* China targets capacity cuts in sectors such as steel, coal
* Liabilities for 6 such sectors 10 trln yuan in 2015 -UBS
* Coal and steel industry key to some local governments and banks
* Beijing wants banks to cut lending to overcapacity sectors
* Local governments urging banks to keep lending
By Shu Zhang and Matthew Miller
BEIJING, July 15 (Reuters) - China’s provinces are pushing back against Beijing’s efforts to restrict credit to loss-making enterprises with excess capacity, and are enlisting the support of local bankers to keep financing the targeted sectors, such as steel and coal.
As part of China’s economic efficiency goals, the State Council earlier this year set capacity reduction targets for regional and central government enterprises in such sectors, and China’s banks have been ordered to slash lending to loss-making and delinquent corporate borrowers.
But local governments in China’s rust belt have been singing from a different hymn sheet in documents and speeches urging local lenders to keep funding firms central to the regional economy.
In Shanxi province, China’s top coal producing region, the government told financial institutions to maintain coal sector lending at least at last year’s levels, increase awareness of the industry’s “pillar and strategic status” and not recall loans to seven local government-owned coal groups, according to a document released on the government’s website in May.
Shanxi’s deputy governor Wang Yixin told banks at an industry event on Wednesday that it was in their mutual interest to support the seven, which at the end of 2015 reported total liabilities of more than 1 trillion yuan ($150 billion) and an average liability-to-asset ratio of about 83 percent, according to Reuters calculations.

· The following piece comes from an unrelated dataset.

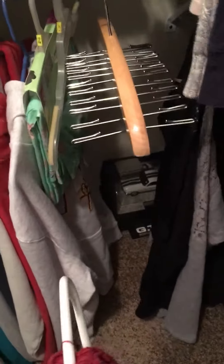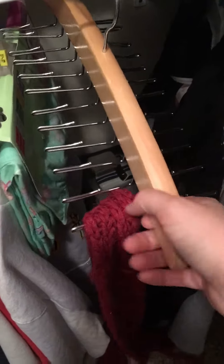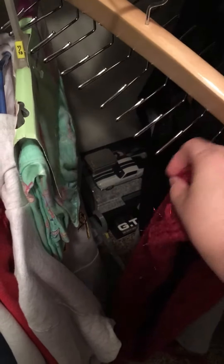I did not want it for ties — I wanted it for my scarves. I plan to take all my scarves that I have on a regular hanger and put all of them on this hanger. You don't have to use it for ties; you can use it for belts or scarves — many different things — and hang it up in your closet.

“What Shanxi’s good coal companies need the most right now is the confidence of investors and the help from financial institutions - as we cross the river on the same boat,” Wang said, and urged banks to roll over the companies’ loans and buy their bonds.
Three senior executives at China’s top coal producers all said they could secure loans at a rate equal to or lower than the central bank’s benchmark rate, suggesting banks were lending a sympathetic ear to that call.

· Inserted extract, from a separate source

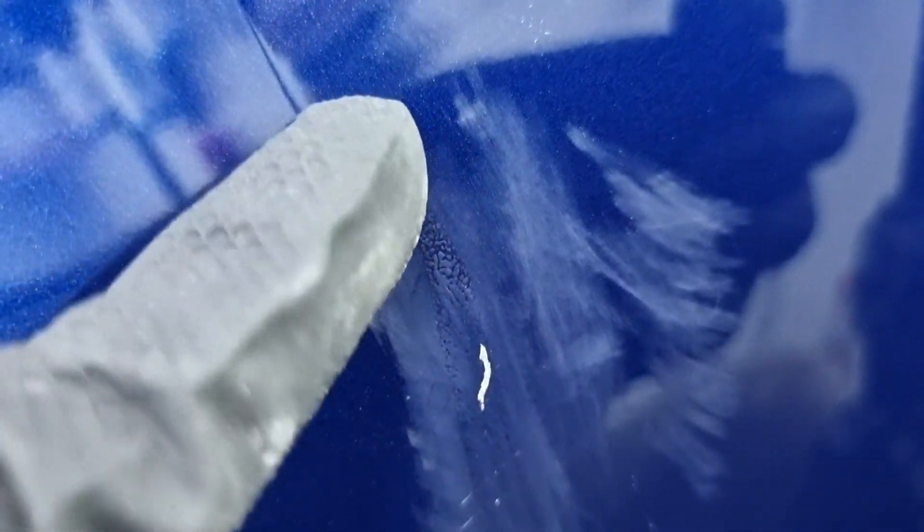Looking at it more closely — this white part is just residue from the sanding paper; it will come off when polishing. But look at the rest — look at how damaged and burnt the clear coat was. It doesn't look like anything from afar, but when you get close it's not fun.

“In China, the most important thing is stability,” said a manager at the Shanxi branch of one of China’s big four state-owned asset management companies that help banks dispose distressed loans.
He said banks had nothing to fear in lending to such state-owned companies and were not about to treat the coal companies’ debts as non-performing.
“Actually, some of those loans are already non-performing, but banks can arrange new loans to repay old loans and interest,” he said.
In Henan the provincial government has asked local bankers to help companies in coal, steel, metals and construction materials to switch industry classification so they don’t fall into categories covered by lending restrictions set by banks’ headquarters, according to a document published on the Henan government’s website in May.
The document urged locally headquartered financial services companies, including Zhongyuan Bank, Bank of Zhengzhou and rural commercial banks, to demonstrate their support for local companies.
Zhongyuan Bank and Bank of Zhengzhou didn’t respond to requests for comment.
At the end of June the Shandong government in eastern China warned lenders in a document on its website that they would be “denounced” or “sanctioned” by creditors’ committees and China’s banking association if they unilaterally recalled loans to key borrowers.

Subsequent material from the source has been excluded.